In place of the Judeo-Christianity of yesterday, and mimicking its outlines to an uncanny degree, this new body of belief has by now a well-developed secular catechism. Its fundamental faith is that the sexual revolution — that is, the gradual de-stigmatization of all forms of consenting non-marital sex — has been a boon to all humanity.
She also observes:
       Christians and other social dissidents today aren’t threatened with job loss because of writing in self-published books about the biblical teaching against stealing, say. Military chaplains are not being removed from office and sidelined for quoting from the book of Ruth. No, every act committed against believers in the name of today’s intolerant “tolerance” has a single, common denominator, which is the secularist protection of the perceived prerogatives of the sexual revolution at all costs. The new intolerance is a wholly owned subsidiary of that revolution. No revolution, no new intolerance.

         What also needs understanding is that pace the suspicion of some traditionalists, today’s secularist progressivism is not a nihilistic worldview. To the contrary: It embraces an alternative orthodoxy and a well-developed body of beliefs. The fundamental impulse leading to the penalizing of moral traditionalists today is not libertarian. It is instead neo-puritanical — that is, it is aimed at safeguarding its own body of revealed and developed truths, and at marginalizing, silencing, and punishing competitors. 
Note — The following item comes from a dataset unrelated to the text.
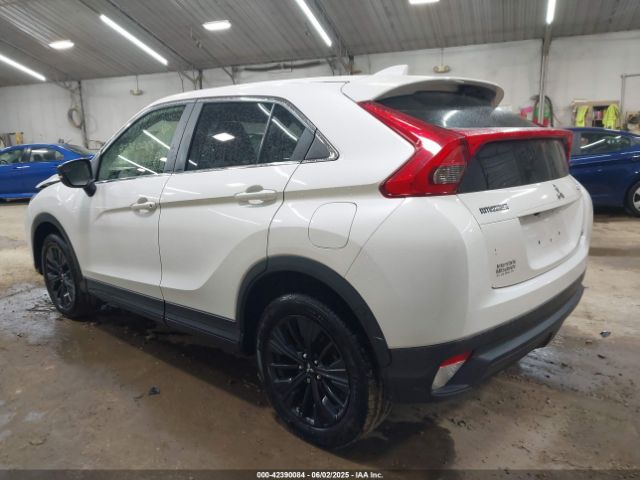 2018 MITSUBISHI ECLIPSE CROSS JA4AT4AA3JZ065619 Photo 2
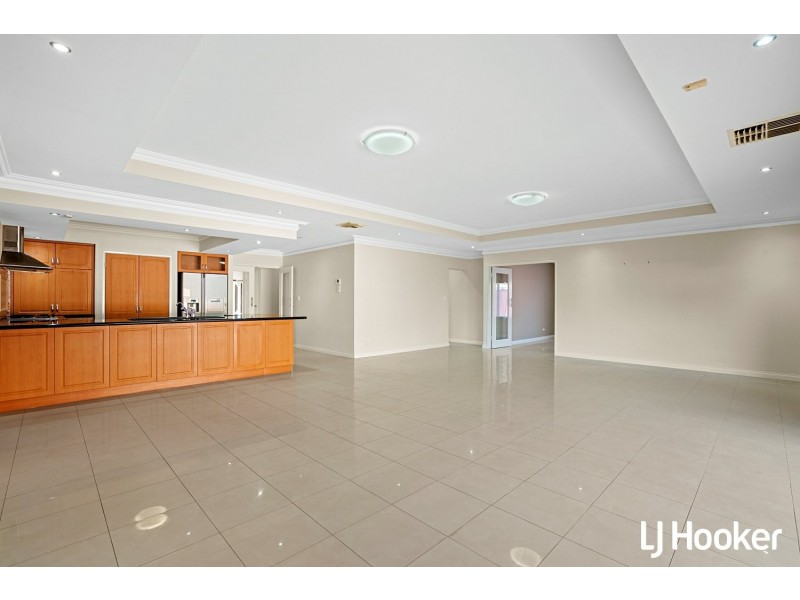 9 Zenith Street, Shelley WA 6148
         This substitute religion mimics Christianity itself in preternatural ways. It offers a hagiography of secular saints, for example, all of them patrons of the revolution: proselytizers for abortion and contraception, such as Margaret Sanger and Helen Gurley Brown and Gloria Steinem; crypto-scholastics whose work is revered by generation after generation of the faithful and off-limits for intellectual revisionism, such as Alfred Kinsey and Margaret Mead; quasi-monastic ascetics, such as the grim public custodians of the National Abortion Rights Action League and Planned Parenthood; and even foreign “missionaries,” in the form of representatives within progressive charities and international bureaucracies — those who carry word of the revolution, and the secularist sacraments of contraception and abortion, to women in poorer countries around the world. 
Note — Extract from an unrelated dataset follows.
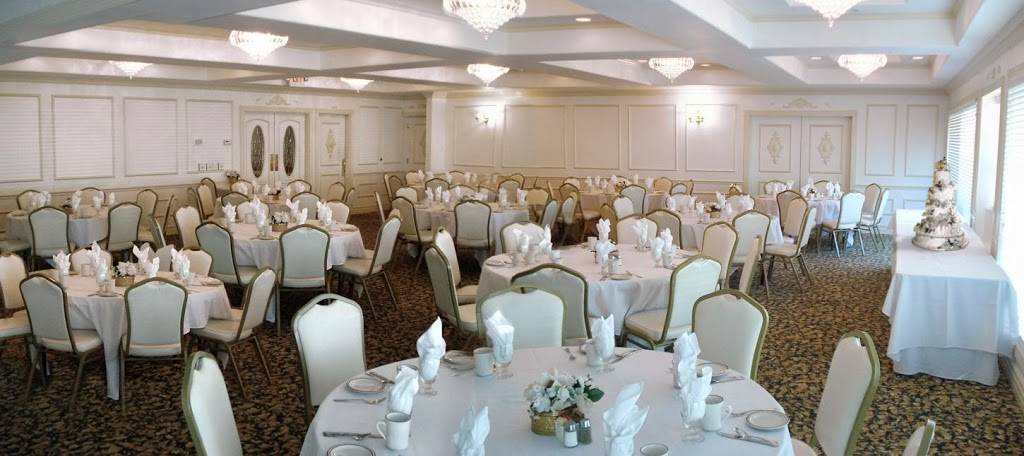 The Branding Iron Restaurant | night club | 640 16th Street, Merced, CA 95340, USA | 2097221822 OR +1 209-722-1822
         Similarly well-developed is the demonology of this substitute faith, which now includes, say, the Roman Catholic hierarchy; the major spokesmen for evangelical Protestantism; legal groups involved in religious-liberty cases; most political conservatives; all social conservatives; and the occasional apostate who deviates from the secularist code. 
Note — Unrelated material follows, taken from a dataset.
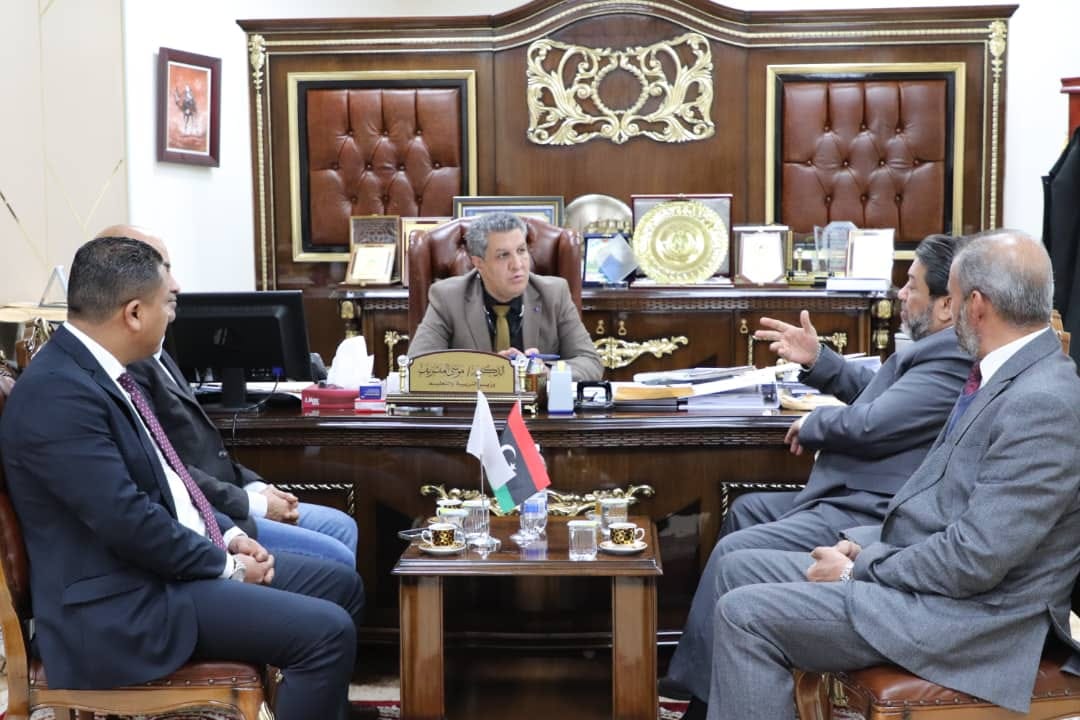 الْوَزير يُناقش مع المجلس الوطني للحرِّيات العامة وضع قطاع التّعليم ورؤيتها في التّحول الرّقمي والتّعليم عن بُعد - وزارة التربية والتعليم الْوَزير يُناقش مع المجلس الوطني للحرِّيات العامة وضع قطاع التّعليم ورؤيتها في التّحول الرّقمي والتّعليم عن بُعد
        The followers of this newfound code further accept as Holy Writ a canon of texts and doctrine — a body of literature and commentary that cannot be questioned without risk of excommunication from the group. It is also ruled by a certain kind of logic — not Aristotelian logic, but some other kind, whose syllogisms include “if you are against abortion, therefore you are anti-woman”; “if you oppose same-sex marriage, therefore you hate people attracted to the same sex”; and related formulations that Aristotle himself would rule fallacious.
Where I would disagree with Ms. Eberstadt is that, I would contend, the sanctification of sex through "love" is merely one of the sacraments of the modern religion, but not the sum and substance of the theology.